Leslie Pyrah was a charismatic figure in academic surgery, and the first professor of urology in the UK. He played a pivotal role in the establishment of haemodialysis in Leeds.
Born in Leeds, he read medicine at Leeds University, gaining a BSc and Masters in Physiology, and graduating MBChB in 1924. He spent his entire professional career in Leeds. He became Surgical Tutor at Leeds University in 1930. The Department of Urology at the Leeds General Infirmary and St James's Hospital was founded in 1950 with Pyrah as Surgeon-in-Charge. He became Honorary Director of the Medical Research Council Unit for the Study of Surgical Metabolism in 1956, and the same year was elected to a personal chair in urological surgery at Leeds University.

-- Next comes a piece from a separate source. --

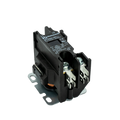 Honeywell DP1030A1001 24VAC 1 Pole Definite Purpose Contactor, 30AMP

His influence was critical for the establishment in Leeds of the first acute dialysis unit in the UK. He sent his registrar Frank Parsons to Boston, USA in 1954 where he learnt to use the Kolff-Brigham drum coil artificial kidney. When Parsons returned to Leeds, Pyrah convinced the governors of Leeds General Infirmary to buy a Kolff-Brigham machine, and the Artificial Kidney Unit under Parsons leadership was opened there in 1956.
Pyrah also gave a paper to the RA in October 1955 on ‘Renal calcification and calculus formation’
Pyrah was on the Council of the Royal College of Surgeons of England (1960-68), was president of the British Association of Urological Surgeons (BAUS) (1961-63), and also a co-founder in 1949 of the Urological Club of Great Britain. He was appointed CBE in 1963.